8.2 Defects in title

The contractor guarantees that its Supplies and the use of its Supplies do not infringe intellectual property rights of third parties, such as patents, utility models, trademarks, copyrights, know-how and trade secrets. If the use of the Supplies results in an infringement of intellectual property rights of third parties, the contractor shall at the discretion of the purchaser procure a respective license for the purchaser´s benefit or modify the Supplies in a reasonable way for the purchaser so as to avoid the infringement.  In addition, the contractor shall release and hold harmless the purchaser and the purchaser´s customers from all justified claims raised by third parties to the extent permissible.

8.3 Unless agreed otherwise, the warranty period shall end twenty-four (24) months after acceptance of the Supplies by the purchaser or after delivery by the contractor to a third party named by the purchaser at the place of receipt/use prescribed by the purchaser.

 

9.            Export Control

The contractor shall be obliged to actively inform the purchaser with order confirmation on any applicable goods-related authorization requirements for its Supplies according to German, European and US-American export regulations.

 

10.           Confidentiality and Intellectual Property Rights

10.1 Any and all drawings, documentation and/or other information, exchanged between the parties, whether directly or indirectly, whether verbally or written, in connection with the contract or the contract initiation, shall be solely used for the purpose of operation, repair and/or maintenance of the Supplies, shall be kept in strict confidence and shall be disclosed to third parties only upon the other party’s prior written consent. This obligation shall remain valid for a period of ten (10) years after contract initiation.  
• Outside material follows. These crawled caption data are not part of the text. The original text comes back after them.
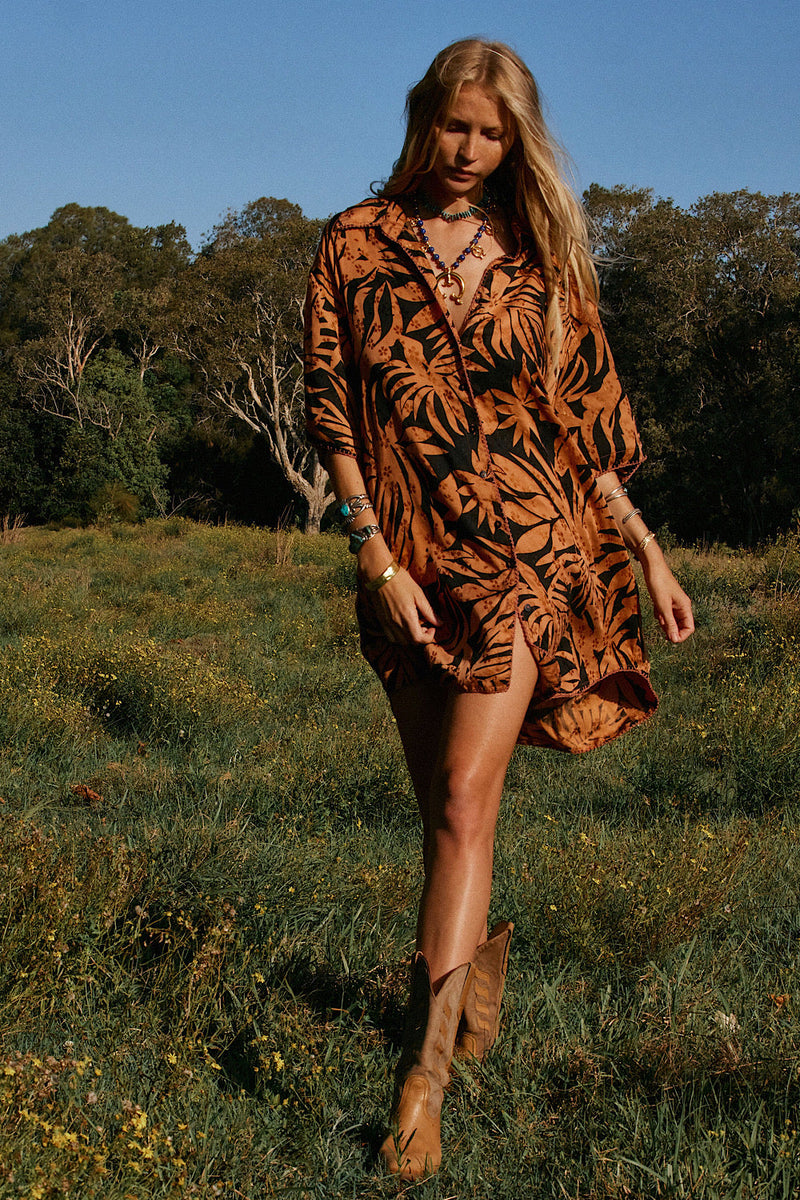 Calypso Blues Silk Jacquard Super Oversized Shirt - Chasing Unicorns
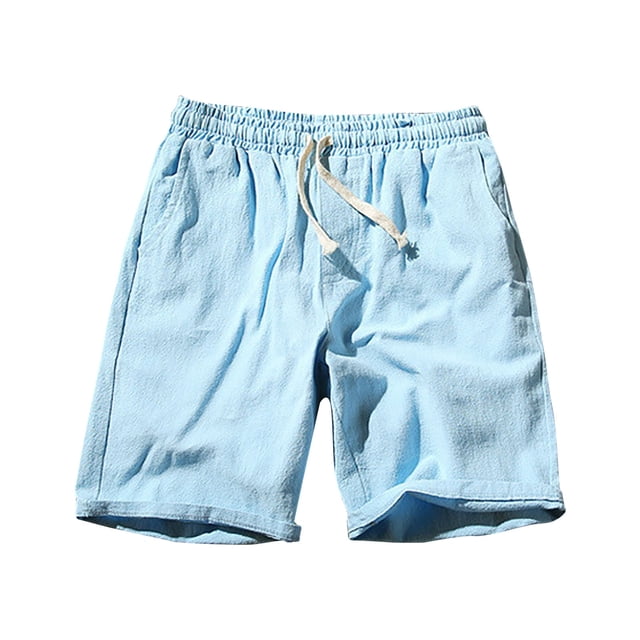 Birdeem Mens Shorts Mens Summer Leisure Sports Elastic Waist Solid Color Drawstring Pocket Shorts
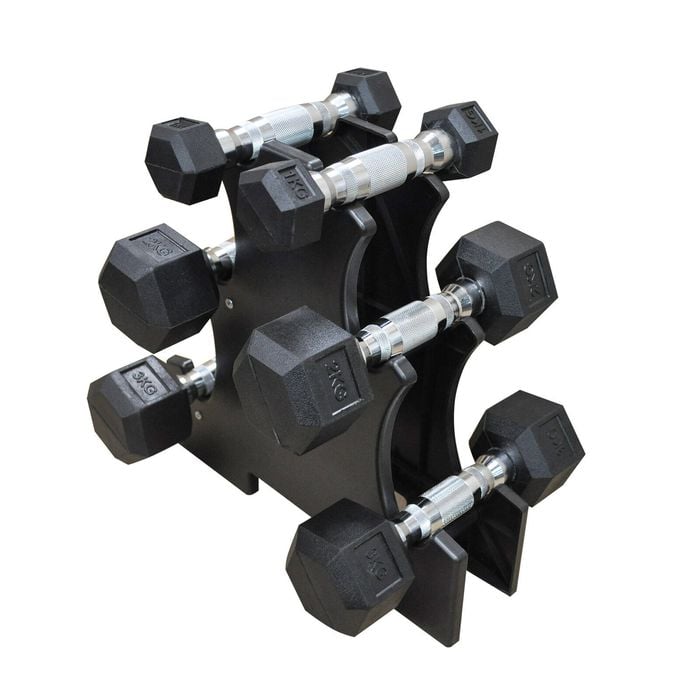 1KG-2KG-3KG Total 12KG Hex Rubber Dumbell Weight Set with PVC Rack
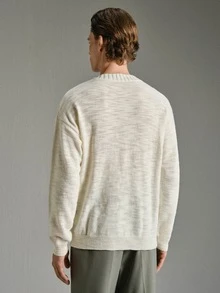 Calmiston Men's Letter Pattern Casual Versatile Daily Wear Sweater - White - View 6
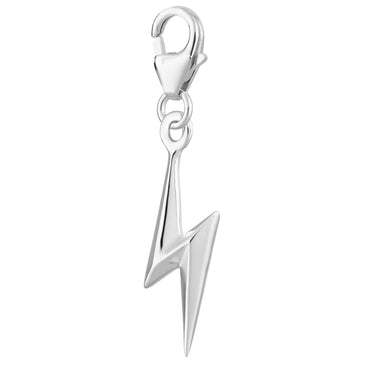 Silver Lightning Bolt Charm | Clip On & Slide On Charms | Lily Charmed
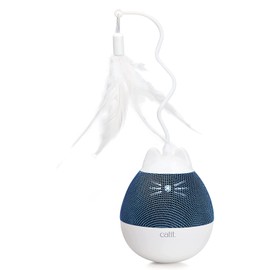 Catit Pixi Spinner Blue with Night Light Rotating Cat Treat Dispenser Electric Toy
10.2 Both, the contractor and the purchaser, shall be obliged to impose on all employees having access to such confidential information the obligation to keep such information confident and to neither use nor disclose it to third parties. This obligation shall be imposed on the employees not only for the period of their employment but also for the time after their separation from the respective company.  

10.3 Any intellectual property rights relating to the purchaser´s drawings and any other documents shall remain vested in the purchaser and shall not be exploited or made available to third parties without the purchaser´s prior written consent. The same applies to any other technical details which result from the order or have been disclosed in other correspondence or negotiations. Nothing contained in these Terms and Conditions of purchase shall be construed as granting any right under the purchaser´s intellectual property rights.

10.4 The parties accept these obligations by starting into negotiations, irrespective of whether a contract will be concluded.  

 

11.           Compliance

The contractor shall be obliged to comply with the laws of any applicable jurisdiction. In particular, the contractor shall conform to the anti-bribery rules and regulations applicable to the parties. If the contractor violates this obligation, the purchaser shall be entitled to terminate or rescind the contract without prejudice to any further claims.  

 

12.           Limitation Period

Claims against the purchaser by virtue or in conjunction with its orders shall become time barred after expiry of two (2) years from the date of receipt of the Supplies and the invoice. If the date of receipt of the Supplies and the date of receipt of the invoice differ from each other, the earlier date shall be relevant.

 

13.           Jurisdiction and Applicable Law

13.1 The contractor irrevocably submits to the jurisdiction of the courts of Düsseldorf. However, the purchaser shall also be entitled to initiate proceedings in the court where the contractor has its place of business.

13.2 The law of the Federal Republic of Germany shall apply under exclusion of the United Nations Convention on the International Sale of Goods (CISG).